Whether he likes it or not, Springsteen will tonight be outed as Swan’s muse - the driving force behind Australian Labor’s core economic policies from union-friendly IR laws and increased pension and family payments, to public slanging matches with billionaire mining magnates.
In a speech to be delivered tonight in Melbourne, the acting Prime Minister will lay his working class credentials on the line shamelessly deploying The Boss’s identification with the great American working class as he re-opens his recent attacks on billionaires Clive Palmer, Andrew “Twiggy’’ Forrest, and Gina Rinehart.
“We are in many ways the Springsteen generation - and if our generation has an anthem it is “Born to Run”, the 58 year-old will say in his John Button lecture.
“The Boss was and remains my musical hero, and not just mine, he’s the favourite musician of the Prime Minister and many others in the Government.”
But Swan is eager to have us understand, it is Springsteen rather than America he is celebrating, noting that much of The Boss’s anger comes from the disenfranchisement of working people as the middle-class shrinks and the gap between rich and poor widens.
Springsteen, of course, is known for his association with the work-a-day interests of ordinary urban folk, and for his connection to the Democratic party - particularly former presidential hopeful John Kerry and more recently, Barack Obama.
Tonight’s speech comes just months after Mr Swan’s incendiary essay in The Monthly magazine which attracted such criticism for appearing to attack success and wealth creation in Australia. Swan was accused of waging class war for nakedly political gain.
But in a speech liberally referencing Springsteen, an unrepentant Mr Swan will declare the real class war is being waged by the super rich who in the case of the aforementioned, have merely vindicated his attacks with their actions since.
“One tycoon (Palmer) is using his money to challenge the principle of fair taxation through electioneering,” he will say.
“A second (Forrest) is using his money to challenge it through the courts.

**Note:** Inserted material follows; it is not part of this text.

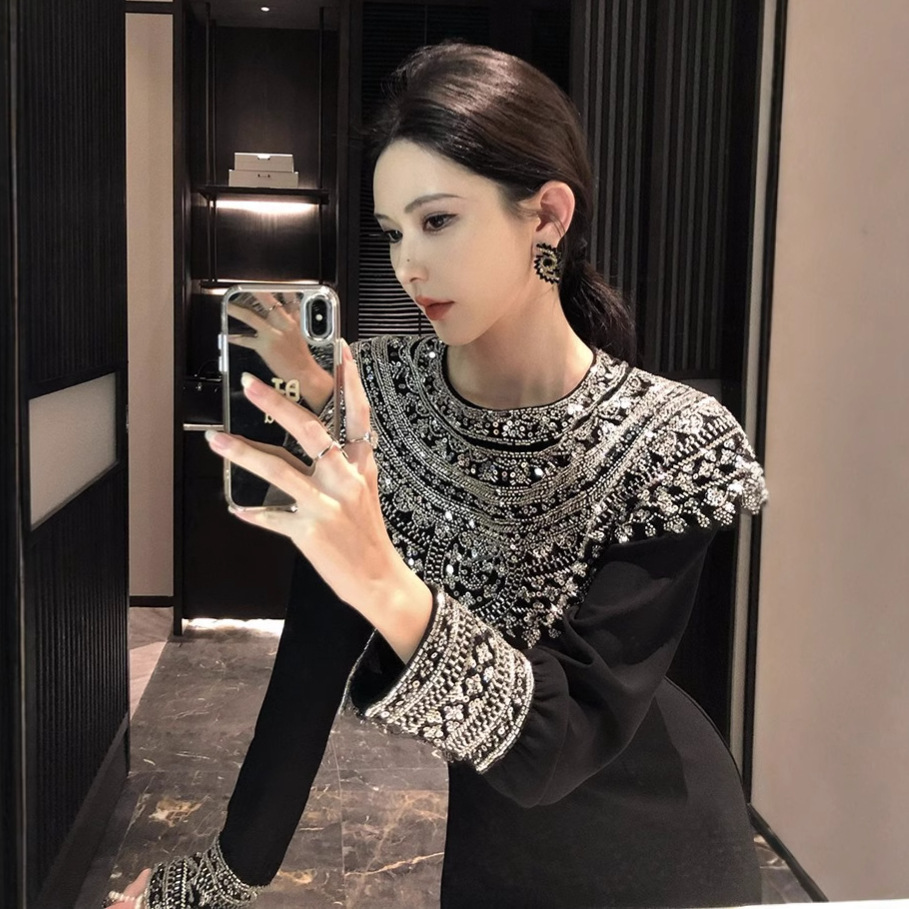 Đầm Dạ Hội Đen Nữ 2026 Thu Đông Thiết Kế Sang Trọng Thanh Lịch Dự Tiệc Sinh Nhật - Ảnh 2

And a third is using her money to challenge it by undermining independent journalism.
“Parliament, the Constitution, independent journalism: All three are fundamental pillars of our democracy, being used as their playthings, supported every step of the way by the Leader of the Opposition.”

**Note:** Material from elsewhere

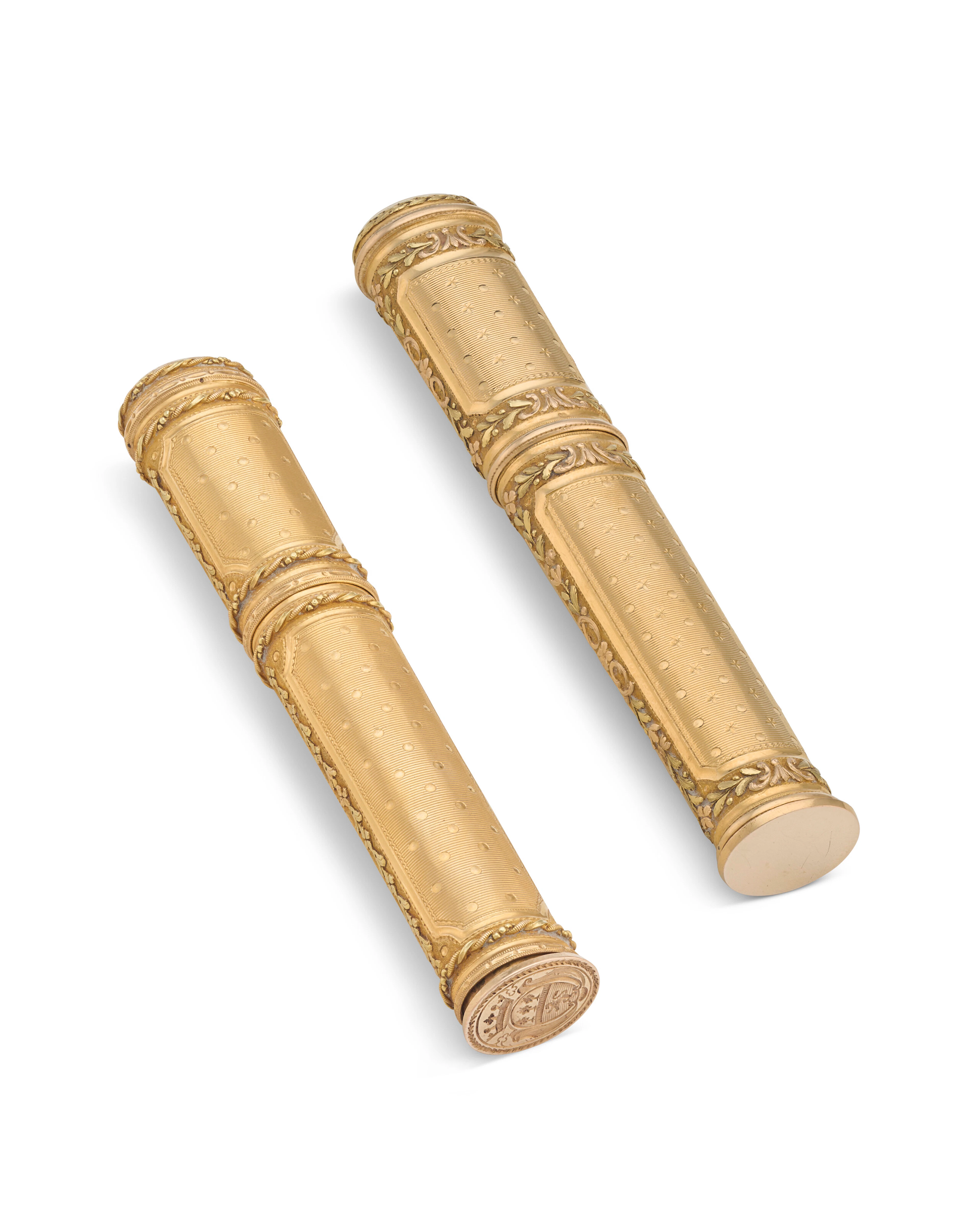 TWO LOUIS XVI GOLD ETUIS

Indeed, Swan says his only regret as Treasurer is that he didn’t go far enough when he attacked them for abusing their wealth to distort the public debate and further their own interests.

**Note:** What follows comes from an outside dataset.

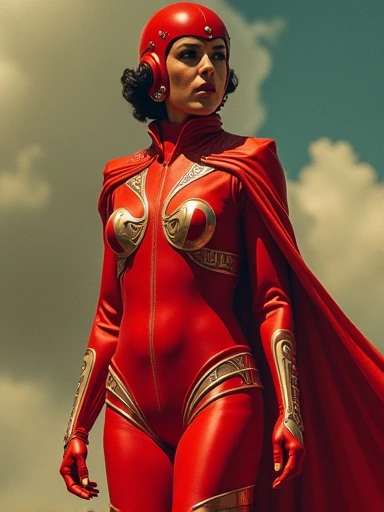 A female Flash Gordon character depicted in a form-fitting red outfit that blends 1930s Art Deco elegance with futuristic flair, featuring a metallic bodysuit adorned with sharp, angular patterns and bold, geometric accessories. Her look is completed with a dramatic, high-collared cape and a sleek helmet, combining the adventurous spirit of sci-fi with the luxurious, streamlined style of the Art Deco era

Unsurprisingly, he reserves his harshest words for the one closest to him, the heavy Queensland LNP donor Clive Palmer who had declared a plan to personally unseat the Treasurer in his electorate of Lilley at the next election.
“It was a naked threat to use his massive wealth to overturn the Government’s tax policies,” Mr Swan will say.
While Palmer has since decided to seek LNP endorsement elsewhere, Mr Swan will brand that as skulking away from a fight “in an epic display of political cowardice”.
Springsteen’s message over thirty five years, Mr Swan says, “is that to build a better society, we have to ensure the fruits of economic growth reach everyone”.
Of course Wayne Swan is not the first politician to seek the referred prestige of star-power and for many, this latest attempt will ring hollow, but few will doubt his genuine passion for the New Jersey rocker.
The question is, has The Boss really been the power behind the government?
On this, there is at least some circumstantial evidence for the existence of what we might call THE BOSS MANIFESTO. Consider the following possibilities:
“Cause we made a promise we swore we’d always remember, no retreat, baby, no surrender. - NO SURRENDER
Carbon pricing, NBN.
“Poor man wanna be rich, Rich man wanna be king, And a king ain’t satisfied,‘Til he rules everything. - BADLANDS
Minerals Resource Rent Tax; redistributive compensation for the carbon price.
“Now I’ve been looking for a job, but it’s hard to find, Down here it’s just winners and losers and don’t get caught on the wrong side of that line ... - ATLANTIC CITY
Assistance for the automotive industry.
“I guess it’s two years gone by now, We just sit around talking about the old times, she says when she feels like crying, she starts laughing thinking about glory days. - GLORY DAYS
Life for Labor before the carbon price backflip.